If there was a Lotto-size prize for the nomination of the most incompetent public official in Ireland at present, nobody would make much money because there would be so many winners, writes Vincent Browne.
The most incompetent public official in Ireland, by a long distance, surely, without doubt and without challenge: Martin E. Cullen. Martin E. Cullen, Farmleigh-man. The Minister of State for Public Works, who bought Farmleigh House for £23 million (yes, punts), after it had gone on sale for £13 million. No, not the other way around. It went for sale at £13 mil- lion and he bought it on behalf of the nation for £23 million. Then he spent £20 million of our money to do it up - imagine buying a house for £23 million and having to pay almost the same again to put it in habitable order! And for what? As The Irish Times revealed on Monday, it was used by just a single foreign visitor so far this year, Kofi Annan, and I bet he wished he was in Wynn's or Buswells.
It would be unfair to suggest Farmleigh is used only for the entertainment of foreign visitors (or rather one foreign visitor). There are a few concerts there during the summer and Celia Larkin (remember her?) had a reception there to promote her beauty treatments. But that's it, as far as I know. I made an application myself to do a radio programme from there. I didn't want to stay the night, I didn't need a beauty treatment (let me rephrase that: I did not request or want a beauty treatment), just a room from which to broadcast a radio programme with a few homeless people. They would not have it; not the homeless people, the Office of Public Works.
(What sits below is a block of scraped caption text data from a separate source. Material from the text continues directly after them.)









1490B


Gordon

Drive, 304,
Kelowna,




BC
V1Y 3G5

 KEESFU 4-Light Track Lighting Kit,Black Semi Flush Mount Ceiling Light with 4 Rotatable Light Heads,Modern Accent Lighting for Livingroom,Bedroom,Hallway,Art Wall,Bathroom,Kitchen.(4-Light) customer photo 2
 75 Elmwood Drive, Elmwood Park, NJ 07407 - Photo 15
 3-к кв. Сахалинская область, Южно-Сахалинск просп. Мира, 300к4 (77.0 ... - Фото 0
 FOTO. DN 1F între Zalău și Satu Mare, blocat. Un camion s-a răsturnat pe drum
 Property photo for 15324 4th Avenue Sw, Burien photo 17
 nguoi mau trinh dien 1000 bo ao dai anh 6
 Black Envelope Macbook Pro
The purchase of Farmleigh House is not just a laughing matter. It indicates casualness on the part of this Government on the expenditure of public funds, suggesting an absence of priorities or coherence. What conceivable justification could there have been, for instance, to spend £43 million on Farmleigh House rather than spend that money on the refurbishment of mental hospitals? Yes, I know many of them have been refurbished but not all of them.
The admission wing of the Central Mental Hospital in Dundrum has not been refurbished and conditions there are simply appalling - patients accommodated in conditions worse than even the worst of prison conditions.
Martin E. Cullen and his likes would probably retort: it is not an either-or issue. It is an either- or issue. Instead of spending that €43 million in giving dignity to some of the most vulnerable in our society, it was considered better to spend the money on the Farmleigh House gaff.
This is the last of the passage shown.